- TASK INSTRUCTIONS: Write again exactly the lines in the listing below, starting at the line with "B75524T Utah License Plate" and ending at the line with "SHINEOFI 2pezzi Finials", both included. Pictures are not copied.

- PROVIDED ENTRIES:
*** Block opens ***

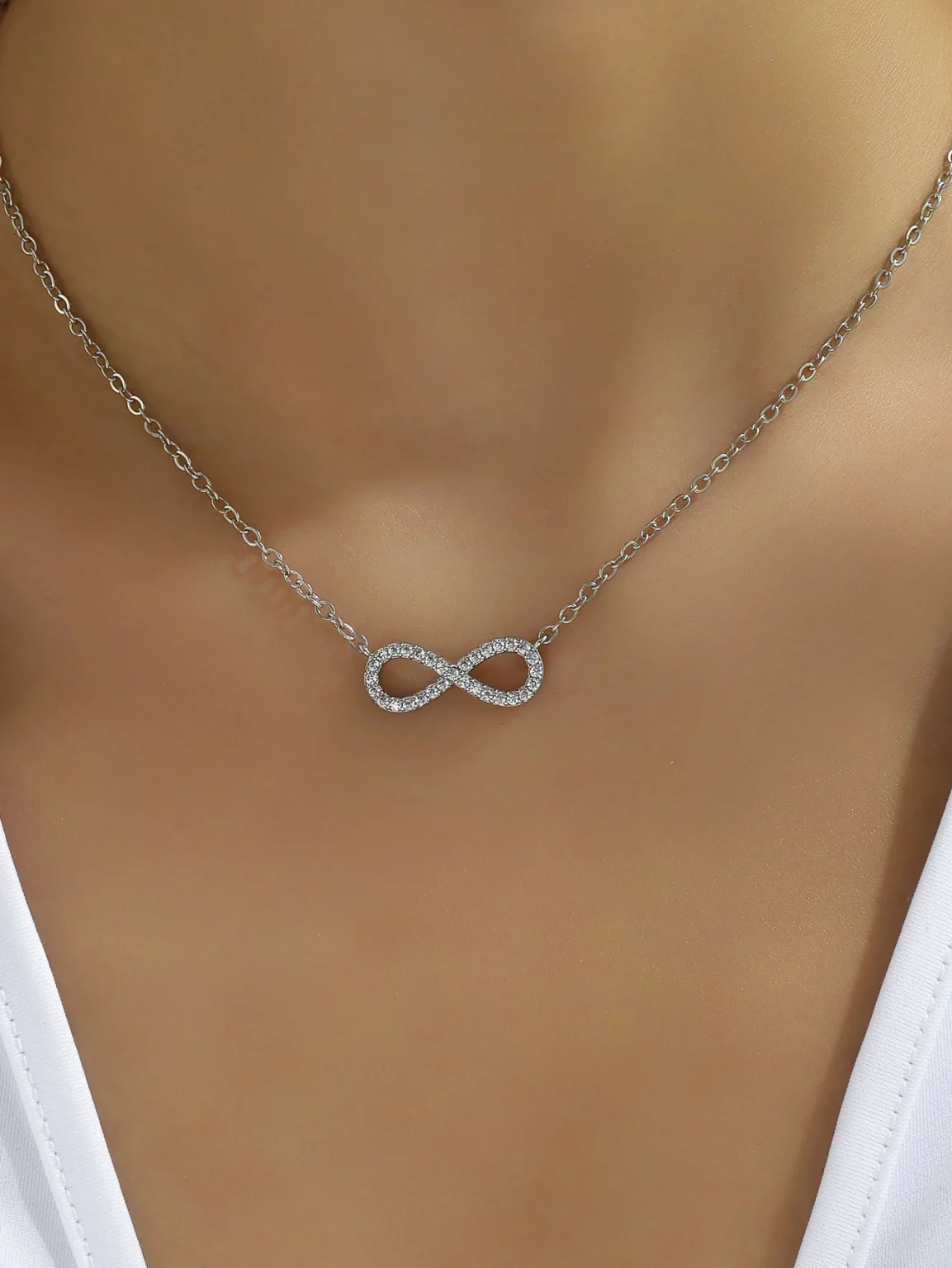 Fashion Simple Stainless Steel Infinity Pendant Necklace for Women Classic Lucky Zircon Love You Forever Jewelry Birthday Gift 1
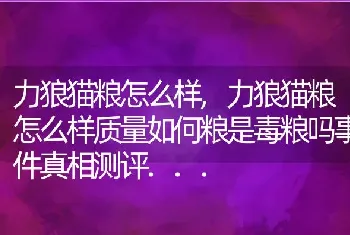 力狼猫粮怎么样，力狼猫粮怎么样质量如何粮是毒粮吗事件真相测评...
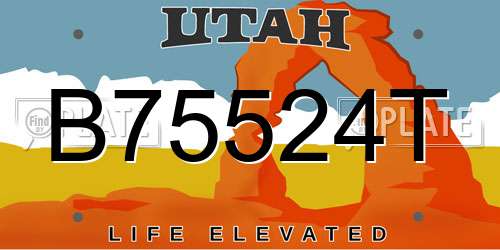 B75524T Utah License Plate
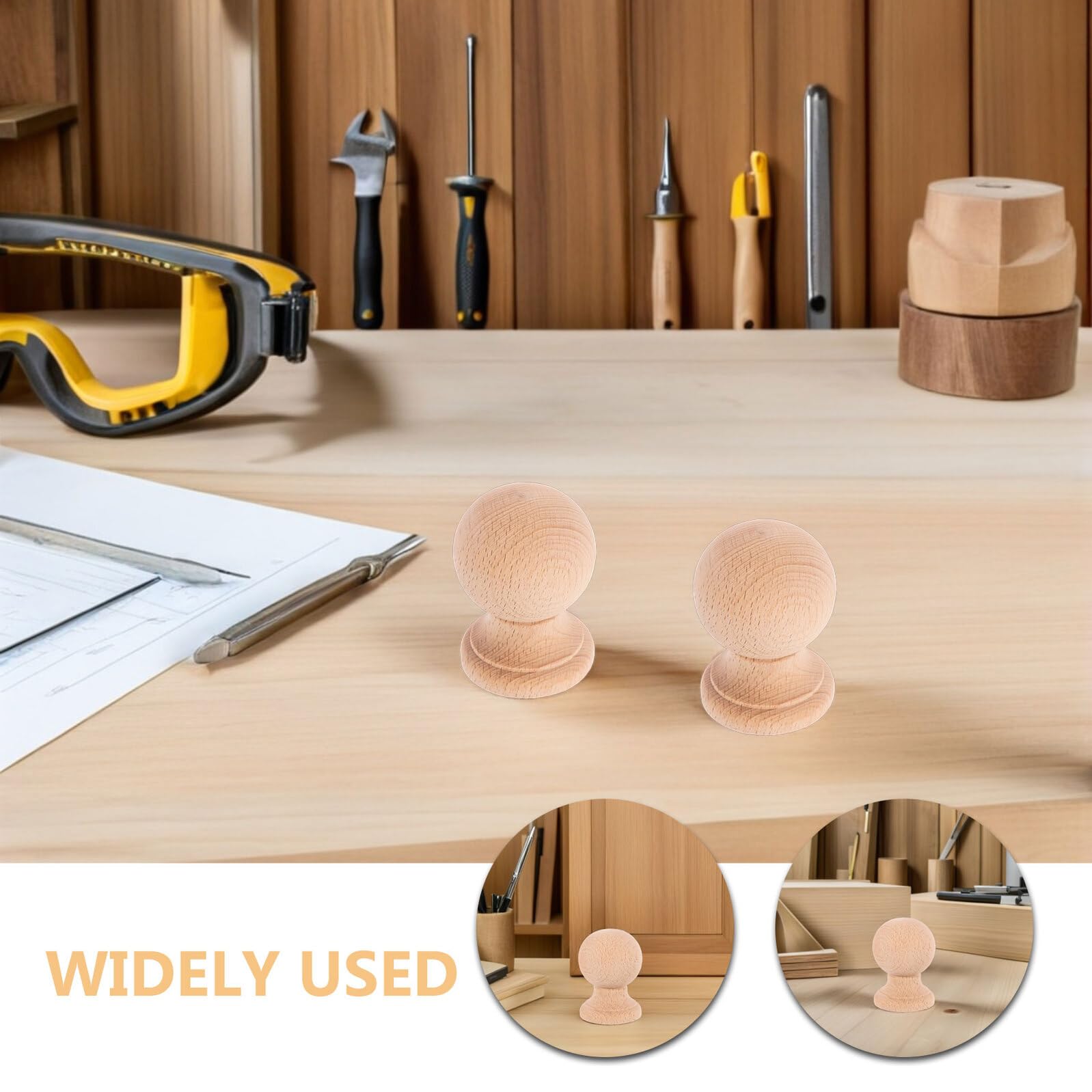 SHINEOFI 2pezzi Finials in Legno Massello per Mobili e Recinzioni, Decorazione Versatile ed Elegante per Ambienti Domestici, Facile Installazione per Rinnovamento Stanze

*** Block closes ***
*** Block opens ***

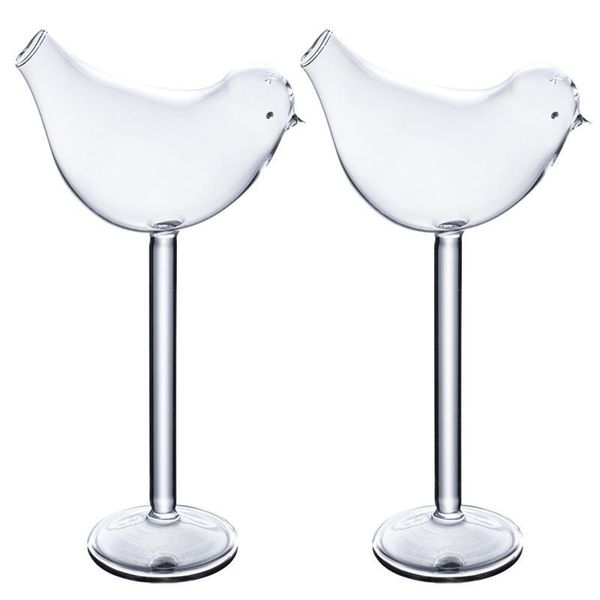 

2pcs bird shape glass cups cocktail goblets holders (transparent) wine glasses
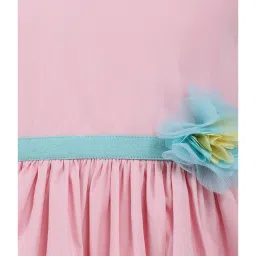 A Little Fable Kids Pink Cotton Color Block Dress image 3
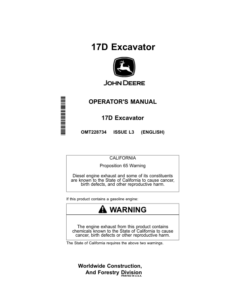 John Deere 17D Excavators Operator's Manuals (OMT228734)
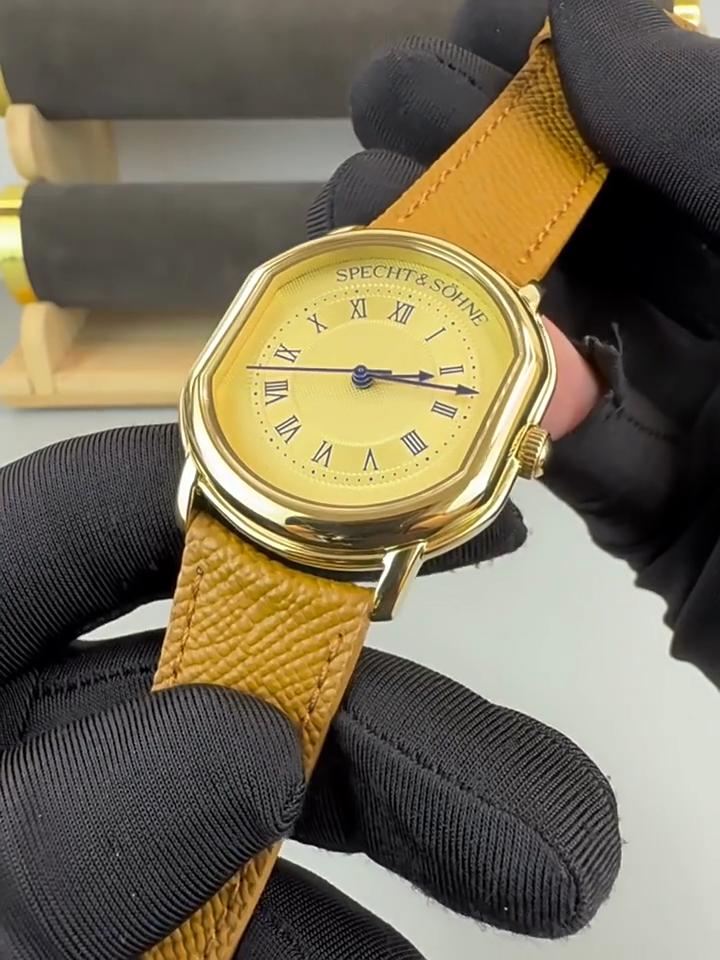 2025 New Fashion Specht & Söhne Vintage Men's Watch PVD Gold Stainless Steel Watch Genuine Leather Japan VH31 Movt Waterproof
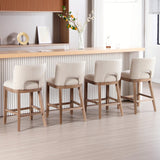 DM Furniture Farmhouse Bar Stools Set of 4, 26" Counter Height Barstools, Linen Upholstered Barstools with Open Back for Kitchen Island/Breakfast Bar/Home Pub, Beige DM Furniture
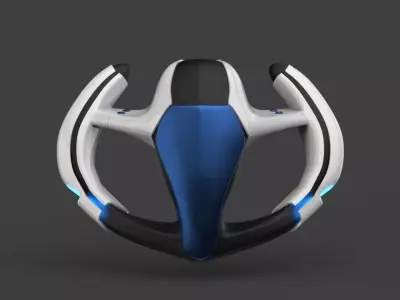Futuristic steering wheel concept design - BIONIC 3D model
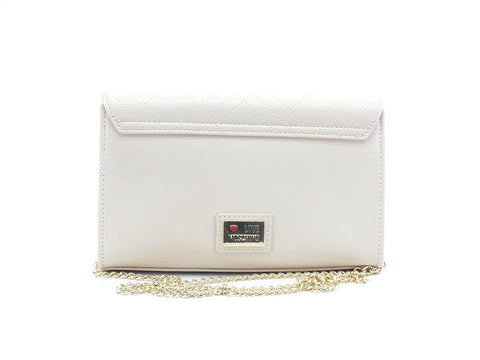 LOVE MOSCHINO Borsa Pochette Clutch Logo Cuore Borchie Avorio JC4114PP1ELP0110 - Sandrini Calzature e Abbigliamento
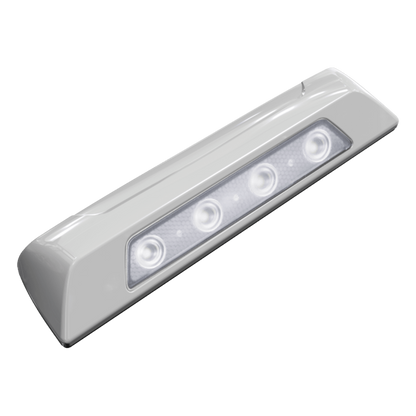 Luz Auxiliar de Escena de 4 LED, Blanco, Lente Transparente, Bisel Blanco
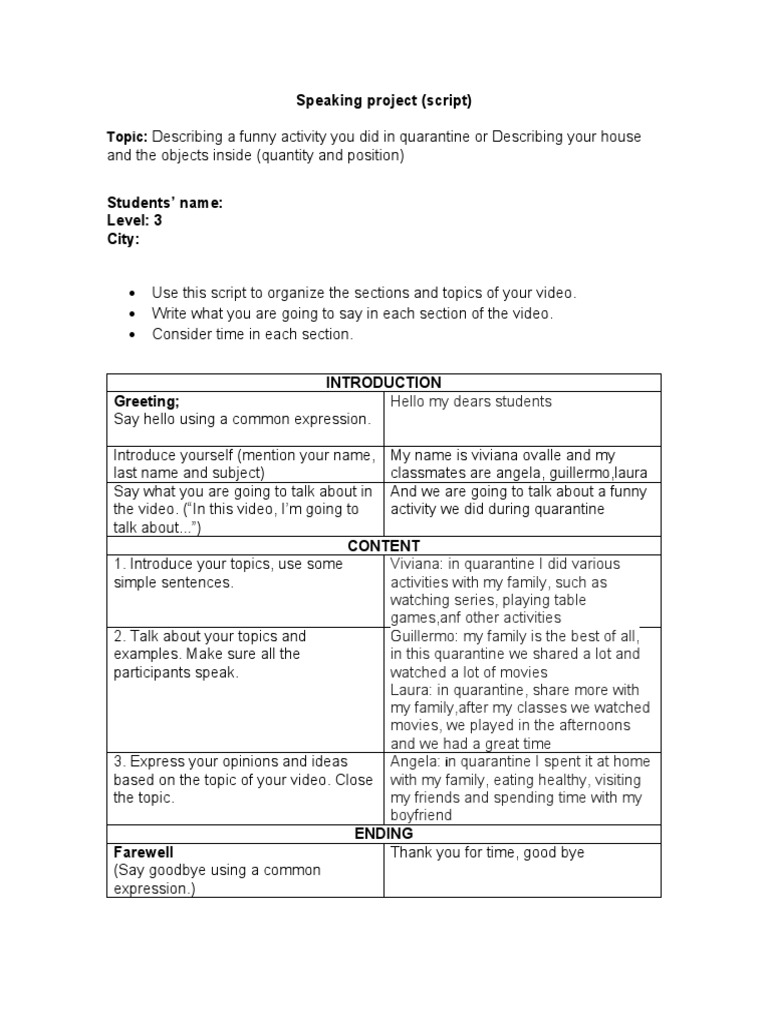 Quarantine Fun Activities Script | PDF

*** Block closes ***
*** Block opens ***

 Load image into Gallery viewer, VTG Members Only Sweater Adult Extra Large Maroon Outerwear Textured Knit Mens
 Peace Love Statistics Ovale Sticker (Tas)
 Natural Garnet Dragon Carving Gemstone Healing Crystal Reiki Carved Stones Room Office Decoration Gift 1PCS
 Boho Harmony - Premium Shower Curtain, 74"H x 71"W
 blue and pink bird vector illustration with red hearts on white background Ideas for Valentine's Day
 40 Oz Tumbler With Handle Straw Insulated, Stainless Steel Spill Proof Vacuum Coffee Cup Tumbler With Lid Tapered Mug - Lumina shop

*** Block closes ***

- RESPONSE TO THE TASK:
 B75524T Utah License Plate
 SHINEOFI 2pezzi Finials in Legno Massello per Mobili e Recinzioni, Decorazione Versatile ed Elegante per Ambienti Domestici, Facile Installazione per Rinnovamento Stanze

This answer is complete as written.